誰かの考察とか妄想を批判する意図はないです。長い。

◾︎タイトル的なやーつ

二藤尚哉は鈍感な人間である。

いくら桜城光が性別を誤解されやすい容姿とはいえ、間近に接して、直に触れるほどのスキンシップをするほどの距離で接しても、女子トイレから出てくる光を見るまで己の認識を改めることは無かった。

女性だと分かった後の対応もあっけらかんとしたもので、光との関係を変わらず楽しんでいる。

この部分に違和感を抱いてる方もいるんじゃないだろうか?

「え、女の子ってわかっても普通に遊ぶんだ?」
と。

なぜ、尚哉は“気にしない”のか?

ここに、二次創作的に尚哉は男も女もイケる、バイセクシュアルのような要素や擬似BL的なものを見出す人もいると思うが、

ここでは個人的な考察を書いていこうと思う。

◾︎兄・宏嵩の話

尚哉を紐解いていくには、兄である宏嵩の存在は避けて通れないだろう。

宏嵩は一般的な社会の人々と比較すると、非常に特殊な人物だ。

他人への興味が薄く、他人の顔色を気にせず、ゲームという自分自身の楽しさを追求する。
ヲタクにありがちなコンプレックスからの逃避や、サーフィンやパーティといった他のリア充的な遊びに取り組めないことからくる代替手段でもなく、ただ純粋にゲームを楽しんでいる。

そして、原作を読む限り、あくまでゲームを遊ぶこと、ゲーム内で設定されたクエストを達成することが好きであり、ゲームの開発や企画…つまりゲームを作ることには興味がないように見受ける。

そして、自身の楽しさを追求するにあたり、誤解を受けることや周囲から後ろ指を指されることを全く気にしていない。

宏嵩は、自分のやりたいことを追求することにより得られる楽しさと充実感を誰より知っているのだ。

他人から見ると、冷たい人間にも映るかもしれない。

ただ、その自身を貫く姿勢はとあるポイントで非常に効果がある。

それは、
「わからない奴は離れて行ってくれる」
ということだ。

会社の同僚達が分かりやすい例だ。

成海の入社と、社員旅行により少しずつ相互理解を始めているようだが、
皆に合わせろ、集団の和を乱すな、とゆるやかに同調圧力をかけてくるのが“わからない奴”だ。

そして、わからない奴を迎合しない、自身を貫くことは
「わかってくれる奴だけ残る、付いてきてくれる」
ということでもある。

宏嵩にとっての
「わかってくれる奴」
というのが、まさしく桃瀬成海その人なのだと思う。

宏嵩の好きなことを受け入れ、尊重し、干渉しすぎず、時に一緒に楽しむ。

宏嵩も成海をにわかプレーヤーだと煙たがることなく、同じクエストができるときはプレイに付き合う。

お互いを束縛しない自由な尊重の姿勢が、“一緒にいて楽” “自分を偽らなくていい”という効果を生み出す。

(成海にとって、恋愛は自分を他人に合わせる、自分を偽る“緊張する行為”だったのだろう。
だから、宏嵩とのつきあいに当初は不安に感じていた。

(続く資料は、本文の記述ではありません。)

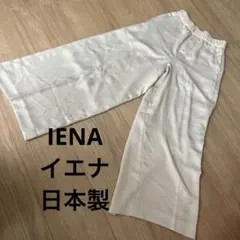IENA イエナ　日本製　ワイドパンツ アイボリーベージュ　光沢　極美品　34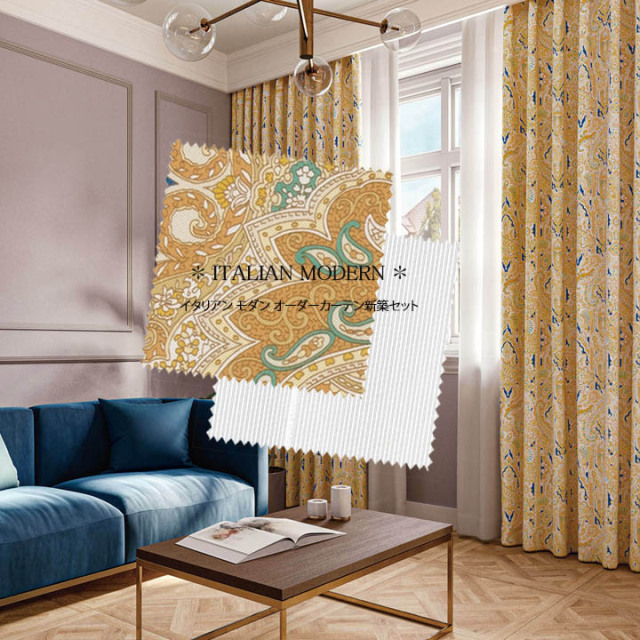 オーダーカーテン　2枚セット 北欧カーテン 遮光｜シオン オーダーサイズ 2倍ヒダ 形状記憶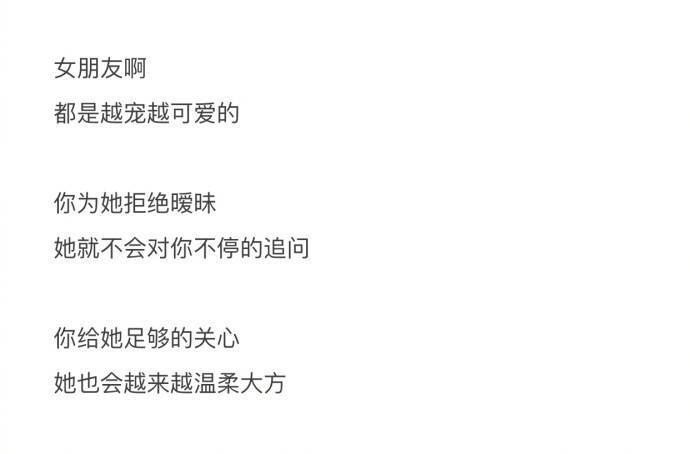 好的感情不是一下子把你感动晕,而是细水长流的把你宠坏.「情感」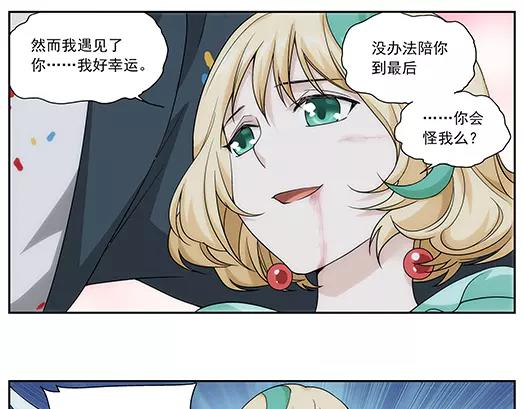 《山海惊奇之迷踪篇》第33话 巨星（8） 第43页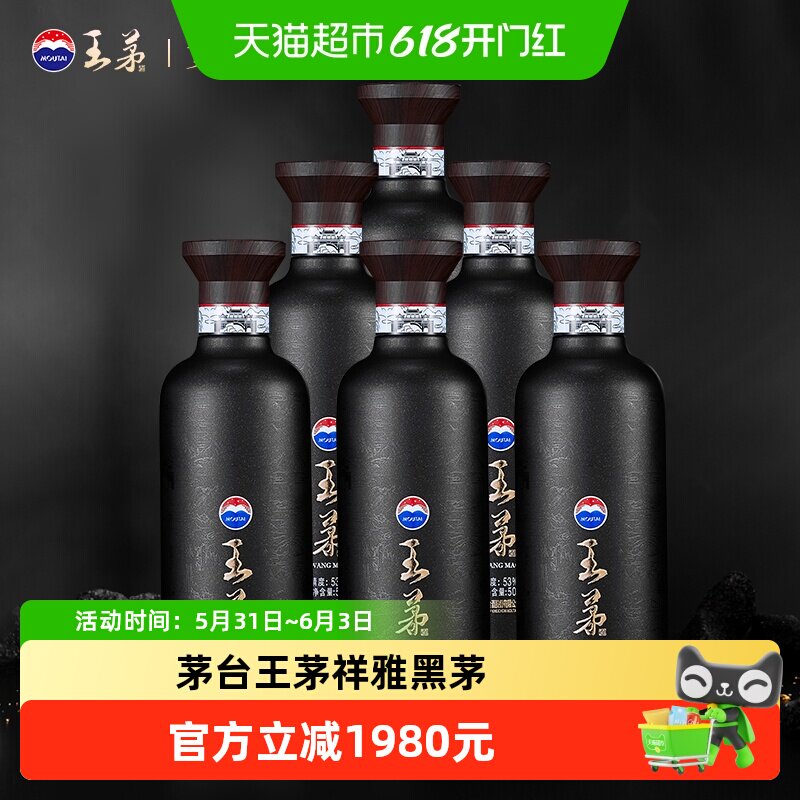王茅祥雅53度酱香空杯留香6瓶
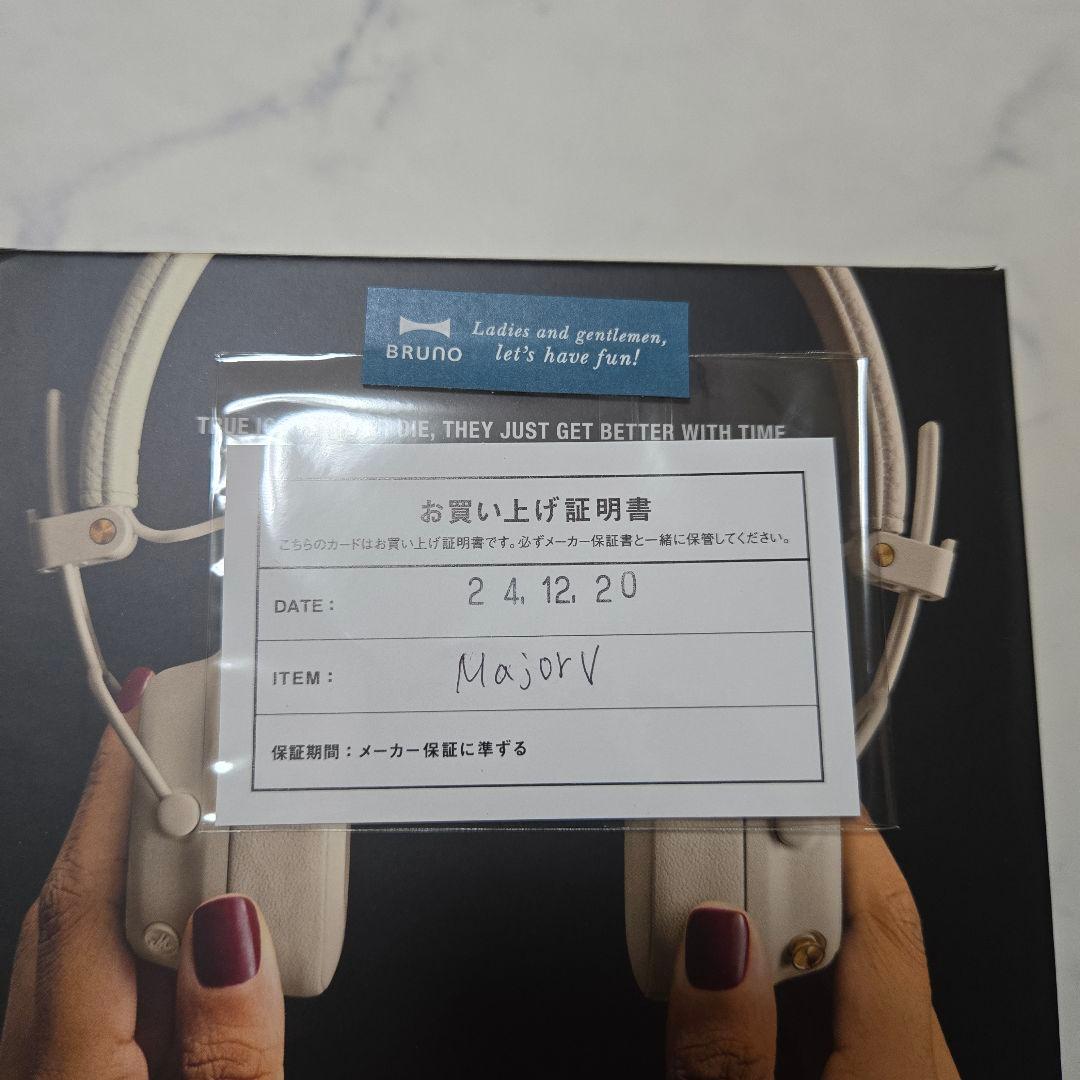 Marshall Major V ワイヤレスヘッドホン ホワイト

)

そして、それが成海しかいなかったからこそ、ゲームにしか興味のない宏嵩は成海に恋慕を抱いたのではないか?執着したのではないか?と予想する。

◾︎宏嵩を見てきた尚哉

尚哉は、宏嵩のことを

「長い年月の中、経験で兄のことを知り、理解しつつも、完全には受容できないまま育ったのではないか」

というのが私なりの考察だ。

宏嵩がゲームのためにすっぽかした家族旅行で、寂しそうにする両親の姿は、幼心に強く焼き付いていることだろう。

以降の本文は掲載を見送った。